Posted by on Monday, June 13, 2022 in News and Events.

“The Water-Carrier Died” exhibition poster, designed by Qais Assali, 2022.

The Department of Art at Vanderbilt University and the Space 204 Gallery present the summer exhibition The Water-Carrier Died – a group exhibition of Tennessee Middle Eastern artist in the Nashville and surrounding community. The exhibition will be on view from June 13 to August 30, 2022.

Curated by Qais Assali, Andrew W. Mellon Assistant Professor of Digital Design, The Water-Carrier Died brings together the works of three Middle Eastern artist from local Nashville and surrounding area community. Mohsen Ramsis,Keria Nashed, and Bassam Habib’s will display photography, video, drawings, and graphic design.

This exhibition is part of the Vanderbilt, Arts, and the Middle East: Building Bridges to the Global and the Local program curated and organized by Raheleh Filsoofi, Jonathan Rattner, and Qais Assali.

Space 204 is located on the second floor of the E. Bronson Ingram Studio Arts Center in the heart of the Vanderbilt University campus. Regular gallery hours are Mondays thru Thursdays 10am to 4:30pm.

Currently, the Studio Arts Center is temporarily set to “card access only” and Space 204 requires appointments to exhibitions.

Exhibitions are free to the public.

The Artists

Mohsen Ramsis is a Coptic visual artist, graphic designer, calligrapher and photographer. He has worked as a designer for the Yellow Pages in Egypt for many years. He documented and archived the history of Coptic Nashville through digital and analog photography for church laying of the foundations and land blessings. Ramsis holds a bachelor of fine arts from Helwan University in Egypt.

Ramsis’ 10 small photographs of an illustration project (1993) visualizing the novel The Water-Carrier Died (El-Saqqa Mat) by Youssef El Sebai. The novel is set in 1921 Cairo where a friendship develops between the water-carrier and a mortician despite their contradictory world-views. One spends his days remembering this late wife and mourning her loss while the other pursues worldly pleasures believing that death will end all enjoyment.

Keria Nashed (she/her, kuh-ray-uh nah-shed) is a visual journalist born to and raised by Coptic Egyptian immigrants in Nashville, Tennessee. A senior at Western Kentucky University studying Photojournalism and Political Science, Keria tells and immortalizes stories from her community believing these deserve to be told. Stories are within everyone and she hopes to be the one to help tell them.

Nashed presents a selection of 15 photographs from a larger project, Rabbena Mawgoud (God Exists), through the El Mahaba Center and their Map of Coptic Nashville. The selections represents Coptic Egyptians showing how gentrification has impacted the beliefs of a new start and the currently changing Nashville city. Nashed’s photographs focus on the details of these changes and using them as a reminder of where the community cam from and where they will go moving forward. These changes alludes to a story Father Daniel Ebrahim and the changes he experiences in his life journey through the Coptic Church.

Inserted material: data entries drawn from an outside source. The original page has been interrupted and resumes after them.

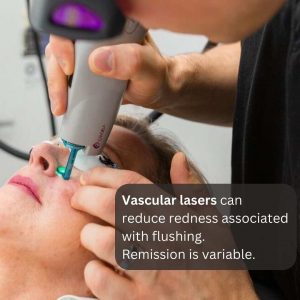 Patient receiving professional laser treatment for facial telangiectasia.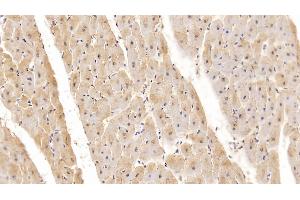 Detection of MYO in Human Cardiac Muscle Tissue using Monoclonal Antibody to Myoglobin (MYO) (Myoglobin anticorps  (AA 1-154))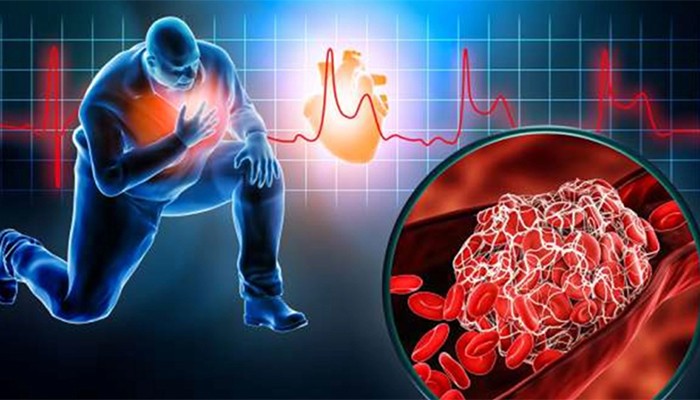 ​হৃদরোগের ঝুঁকি এড়াতে কোলেস্টেরল নিয়ন্ত্রণ করবেন যেভাবে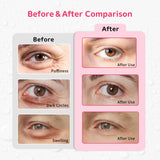 CONBELLA parches gel para ojos, tamaño pequeño, uso dirigido para inflamación.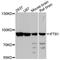 Intraflagellar Transport 81 antibody, A4662, ABclonal Technology, Western Blot image 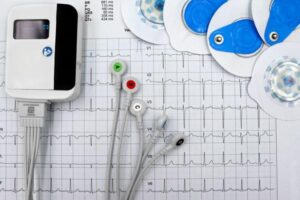 Wearable ECG Monitors: How They Work and What They Track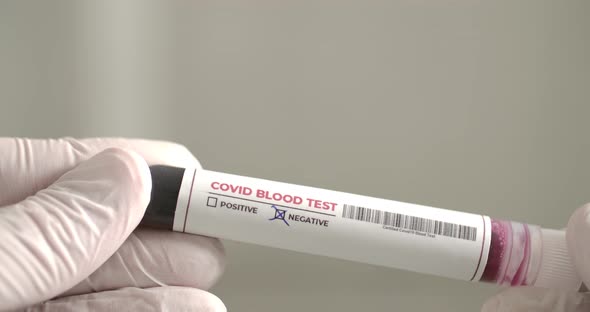 Blood Test for Covid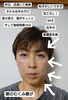 島根初！筋膜変形術！美容整形？って位「島根初！筋膜変形術！」
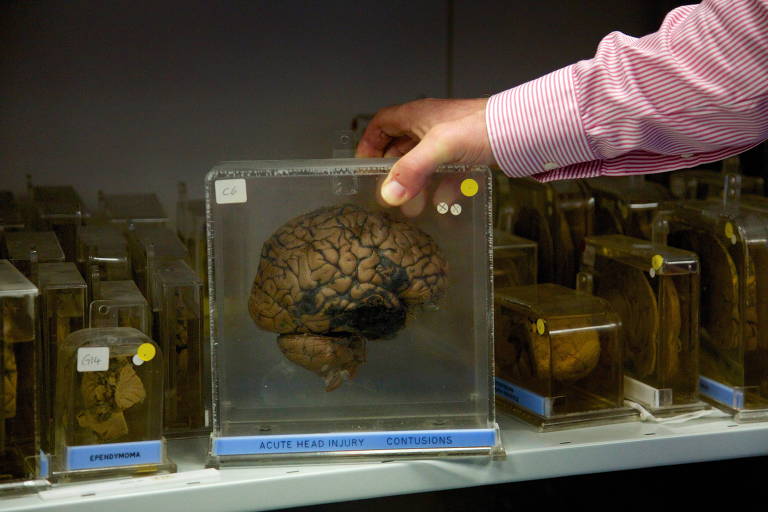 Pedaços de cérebros preservados na universidade Rainha Elizabeth, na Inglaterra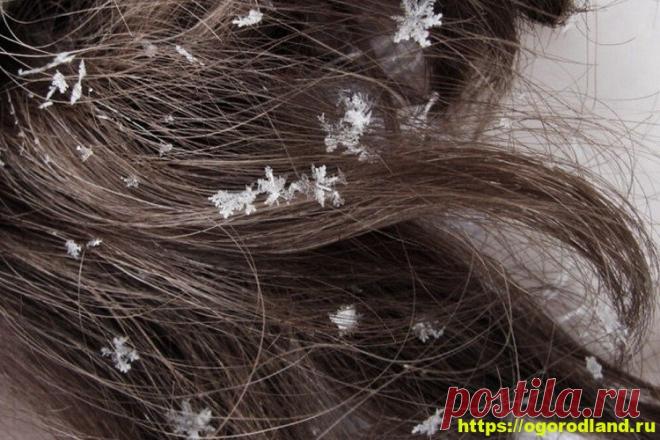 Правила ухода за волосами в зимнее время Ни для кого не секрет, что холода – враг не только для кожи, но и для волос, именно поэтом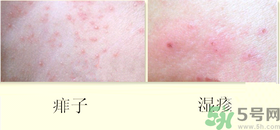 濕疹和痱子一樣嗎？濕疹和痱子有甚么區(qū)別？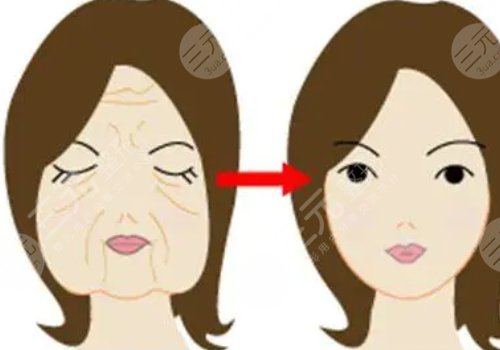面部緊致的方法有哪些？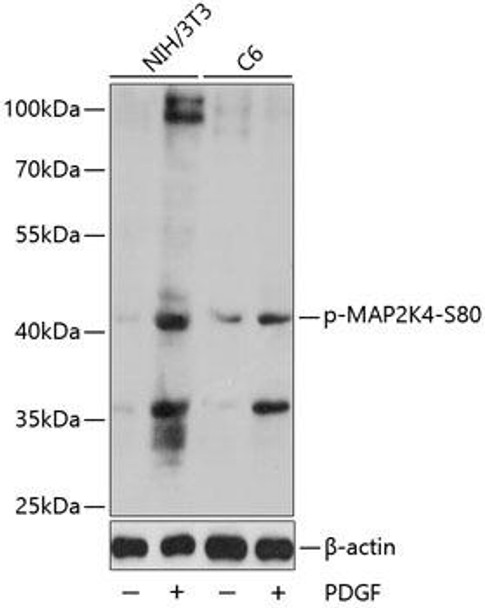 Anti-Phospho-MAP2K4-S80 Antibody (CABP0067) Anti-Phospho-MAP2K4-S80 Antibody (CABP0067)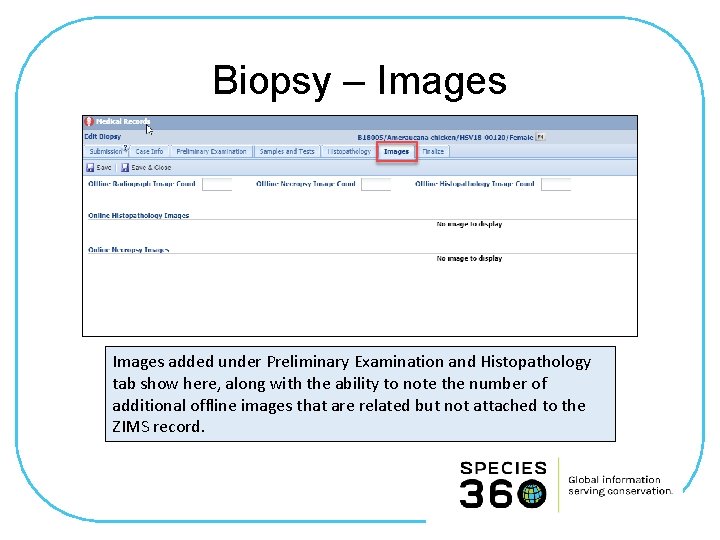 Biopsy – Images added under Preliminary Examination and Histopathology tab show here, along with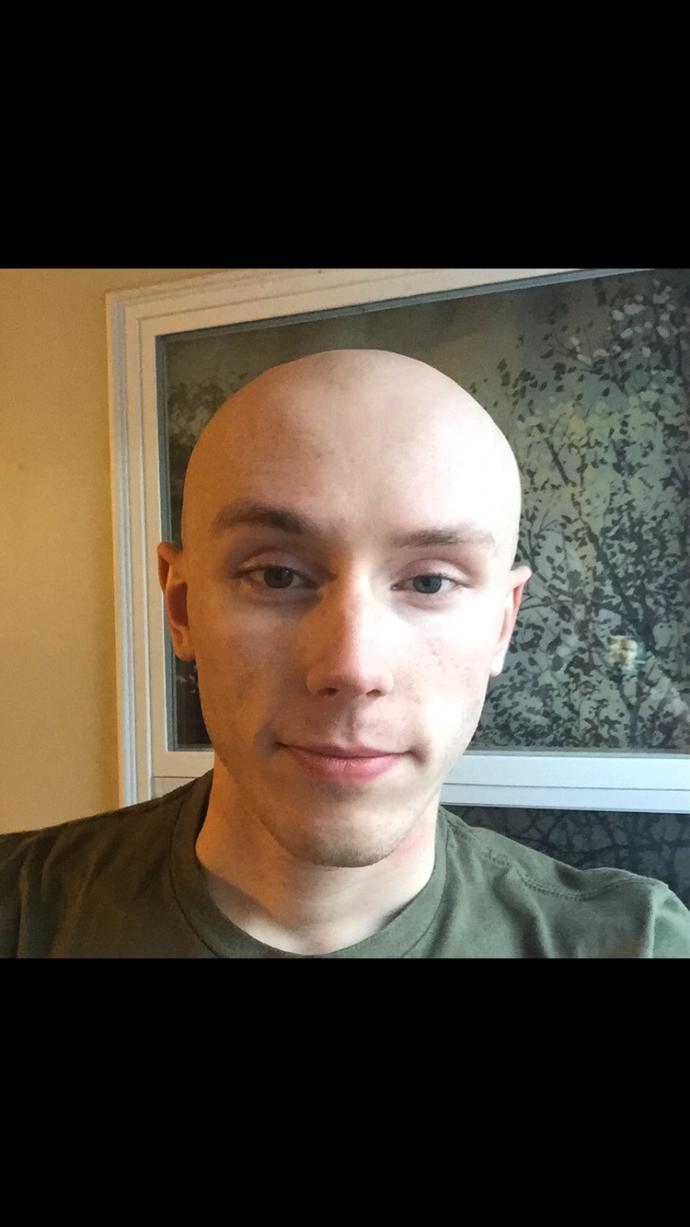 Girls, could you date a guy with this condition or is it a no-go for you (based only on looks here)?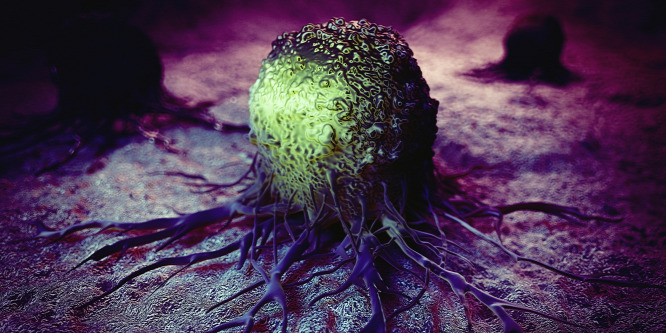 10 kilós tumor nőtt a férfi vállára: Fotók!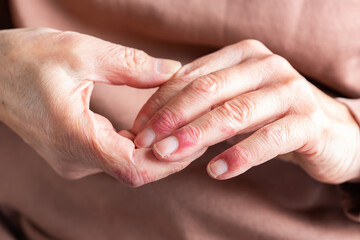 Woman hands with atopic dermatitis, eczema, allergy reaction on skin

Bassam Habib ponders “What does it mean to function as a group in a changing environment?” and “How can we organize ourselves intentionally to combat the embedded isolation of late capitalism?” He works at the Nashville Public Library as the coordinator of the Be Well program and is the co-organizer of the Nashville Free Store, a mutual aid project focused on wealth redistribution and community wellness and accountability. He is a board member of El Mahaba Center.

Habib’s Living in Another World (‘Ayesh bi-‘Alam Tany)/Dream Suite is installation composing of found footage video art and a selection of drawings. Living in Another World focuses on remembering and slowing down. It ponders the questions “What can we remember and what do we forget? How do we name and categorize what we can barely observe? Where are we going so fast? and How do we remember that slow is efficient, effective, and beautiful?” Habib edits together footage shot by his brother as he explores Egypt through their childhood home and the city – combining these with shots from Nashville, were he currently lives and works. The video is paired with a selection of drawings from the artist’s sketchbook.


  • Closing Reception
    August 30, 2022
    Time: TBD
    Space 204 Gallery, Department of Art, Vanderbilt University
  • Abracadabra: Video Works by Sarah Brahim, Ronnie Karfiol, and Laleh Mehran
    June 4 – 25, 2022
    Coop Gallery (Nashville, Tennessee)
    Organized by Jonathan Rattner and Raheleh Filsoofi
  • Elmahaba Center – Livestreamed events 
    • Sunday, July 3, 2022 – Livestreamed through Elmahaba Center social media
      1:30 – 2:00   –> light refreshments (provided by Elmahaba) and exhibition open for viewing
      2:00 – 3:00   –>conversation (in Arabic)
      Panelists: Mr. Ashraf (Elmahaba board member; theater/film artist); Mohsen Ramsis (exhibiting artist); Qais Assali
    • Sunday, July 17, 2022 – Livestreamed through Elmahaba Center social media
    • 1:30 – 2:00   –> light refreshments (provided by Elmahaba) and exhibition open for viewing
      2:00 – 3:00   –>conversation (in English)
      Panelists: Keria Nashed (exhibiting artist); Bassam Habib (exhibiting artist); and Qais Assali

Exhibition Curator

The Water-Carrier Died exhibition is curated by Qais Assali, Andrew W. Mellon Assistant Professor of Digital Design at Vanderbilt University Department of Art.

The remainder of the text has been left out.